> [TASK DIRECTIONS] Please repeat exactly the line containing "BYD inaugura pista" and each line after it in the records below, through the last.

START SUPPLIED ENTRIES

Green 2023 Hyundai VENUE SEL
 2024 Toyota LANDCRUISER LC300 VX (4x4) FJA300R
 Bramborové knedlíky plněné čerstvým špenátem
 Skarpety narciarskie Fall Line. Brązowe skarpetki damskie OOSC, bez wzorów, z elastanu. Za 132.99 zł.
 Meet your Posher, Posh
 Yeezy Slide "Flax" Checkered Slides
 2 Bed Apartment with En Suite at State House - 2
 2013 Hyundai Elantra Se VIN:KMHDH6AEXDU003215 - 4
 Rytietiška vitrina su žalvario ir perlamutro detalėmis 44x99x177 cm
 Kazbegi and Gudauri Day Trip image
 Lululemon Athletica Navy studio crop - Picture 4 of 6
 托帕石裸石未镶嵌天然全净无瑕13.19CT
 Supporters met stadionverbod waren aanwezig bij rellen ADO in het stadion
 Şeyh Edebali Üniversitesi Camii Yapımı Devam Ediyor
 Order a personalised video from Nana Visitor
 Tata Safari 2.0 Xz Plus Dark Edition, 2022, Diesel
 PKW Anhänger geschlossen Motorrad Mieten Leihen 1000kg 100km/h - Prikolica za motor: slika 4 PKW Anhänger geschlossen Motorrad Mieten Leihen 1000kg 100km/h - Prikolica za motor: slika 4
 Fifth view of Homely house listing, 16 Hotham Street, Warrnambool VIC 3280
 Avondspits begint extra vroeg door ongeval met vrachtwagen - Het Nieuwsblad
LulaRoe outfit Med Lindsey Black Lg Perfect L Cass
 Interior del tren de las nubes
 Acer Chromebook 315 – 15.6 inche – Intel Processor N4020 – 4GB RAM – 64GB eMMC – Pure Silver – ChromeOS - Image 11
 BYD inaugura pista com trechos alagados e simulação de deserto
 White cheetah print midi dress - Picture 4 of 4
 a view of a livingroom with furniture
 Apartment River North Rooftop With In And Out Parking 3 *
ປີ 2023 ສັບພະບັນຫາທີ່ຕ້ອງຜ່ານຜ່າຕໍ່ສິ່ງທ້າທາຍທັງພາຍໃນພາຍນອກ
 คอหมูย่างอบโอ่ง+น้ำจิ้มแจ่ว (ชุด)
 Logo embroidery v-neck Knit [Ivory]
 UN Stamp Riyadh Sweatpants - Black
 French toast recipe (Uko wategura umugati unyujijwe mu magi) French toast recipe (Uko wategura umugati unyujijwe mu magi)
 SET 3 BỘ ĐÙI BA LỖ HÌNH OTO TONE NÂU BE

END SUPPLIED ENTRIES

> [RESULT]
 BYD inaugura pista com trechos alagados e simulação de deserto
 White cheetah print midi dress - Picture 4 of 4
 a view of a livingroom with furniture
 Apartment River North Rooftop With In And Out Parking 3 *
ປີ 2023 ສັບພະບັນຫາທີ່ຕ້ອງຜ່ານຜ່າຕໍ່ສິ່ງທ້າທາຍທັງພາຍໃນພາຍນອກ
 คอหมูย่างอบโอ่ง+น้ำจิ้มแจ่ว (ชุด)
 Logo embroidery v-neck Knit [Ivory]
 UN Stamp Riyadh Sweatpants - Black
 French toast recipe (Uko wategura umugati unyujijwe mu magi) French toast recipe (Uko wategura umugati unyujijwe mu magi)
 SET 3 BỘ ĐÙI BA LỖ HÌNH OTO TONE NÂU BE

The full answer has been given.